The cause(s) of autism, either genetically or environmentally, is currently unknown notwithstanding an incredible display of stupidity from certain individuals attempting to foolishly link vaccination and an increased probability of developing autism despite zero valid scientific evidence supporting such a position. Incidentally these people must also believe that little green men dance the samba on Mars everyday at 4:45 EST because there is an equal amount of empirical evidence supporting either position. Currently there are no specific biomarkers that have been identified to reliably diagnose autism,6-8 although a number of biomarkers have been identified to have differing concentrations between autistic and non-autistic individuals. However, these differences are marginalized because of their non-specificity towards autism versus other metabolic and neurological conditions.
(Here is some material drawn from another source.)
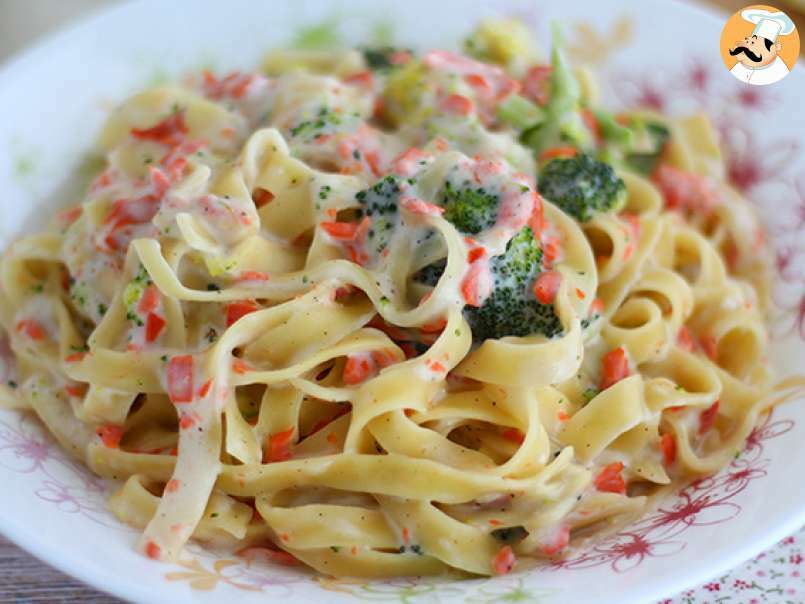 One pot pasta - Tagliatelles au saumon et brocolis, photo 4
Most modern study of autism has focused on searching for a genetic cause and some progress has been made for the belief is that a majority of autism cases result from probabilistic interactions between multiple common gene variants where each variant contributes some small influence on the overall condition.9,10 Another 10-20% of autism cases are believed to occur through known genetic effects including Synapsin 1, SynGAP1, SHANK3, NLGN4, CNTNAP2, retinoic acid-related orphan receptor-alpha (RORA), MET and cytochrome P450 genes, some which may have significant heritability rates.11-20

However, with all of the hundreds of genes involved in autism, focusing on genetic research and any potential genetically engineered treatment appears to be an inefficient strategy. Instead it seems reasonable that more attention should be paid, by both researchers and the media (especially the media), to the mechanisms associated with the development and maintenance of ASD for addressing the mechanism provides a higher probability of general treatment versus genetic strategies. Two common biological symptoms of autism are an increase in brain size and weight and an increased probability of suffering epileptic seizures. One mechanism to explain these symptoms is a deficiency in the synaptic elimination process during development (a.ka. synaptic pruning).

Soon after birth an overabundance of synapses are formed as neurons produce multiple synapses between a singe post-synaptic and pre-synaptic neuron. During development important synapses, those that fire more frequently and/or have greater firing duration, are strengthened and neighboring synapses are weakened and non-selectively eliminated until there is a one-to-one relationship between axons and cell body.21,22 The reason this process occurs is because unlike mature neuron-axon relationships where electrical impulses either facilitate an action potential or nothing, immature neuron-axon relationships, especially in Purkinje cells (PCs), operate on an intensity mechanism.23,24 This intensity mechanism exists because there is no initial molecular method for the brain to identify which synapses are important and which are not, thus importance is determined by firing duration/rate. Most notably this firing is driven from visual stimulus, especially before a recognized conscious understanding develops in the individual.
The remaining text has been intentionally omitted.